As can be graphically appreciated, if there were no voltage offset between the bitlines as represented by a complimentary bitline 16′, a sense amplifier would be able to sense a voltage differential of 30 millivolts much more rapidly at a time T2. Consequently, even very small voltage offsets will have substantially increased performance deteriorating ramifications. Unfortunately, conventional memory device performance is limited by the expected fabrication imperfections and layout constraints that produce imbalances in capacitive loading of the bitlines of each core cell 12.
In addition to capacitive loading imbalances, several semiconductor layout constraints have prevented further miniaturization of the physical size of an individual core cell 12. Because traditional six transistor core cells have two cross-coupled inverters laid out in the center of a core cell, the gates of four transistors of the two cross-coupled inverters are formed from by interposing polysilicon lines. FIG. 1D shows the conventional layout of the polysilicon lines that form the gates of the four transistors in the two cross-coupled inverters.

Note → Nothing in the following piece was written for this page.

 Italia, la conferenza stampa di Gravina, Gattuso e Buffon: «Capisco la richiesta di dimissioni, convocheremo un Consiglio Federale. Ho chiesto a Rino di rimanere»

Although this layout works well, the space needed to layout the polysilicon lines and complete the cross-coupling in polysilicon have severely limited the ability to reduce a core cell's overall size. In this conventional design, a core cell 12 will typically have a height “H” of about 3.2 microns and a width “W” of about 5.4 microns in a 0.25 micron process. Because six transistor core cells require four transistors (i.e., two N-type transistors and two P-type transistors for the two inverters) in a cross-coupled arrangement, it is very difficult to further shrink the size of a standard core cell 12.
In view of the foregoing, what is needed is a method and apparatus for substantially eliminating voltage offsets along bitlines of a memory device, and for improving the speed at which sensing of small voltage differentials between memory bitlines can occur. There is also a need for more compact core cell layouts that enable the layout of more core cells in substantially less semiconductor surface area.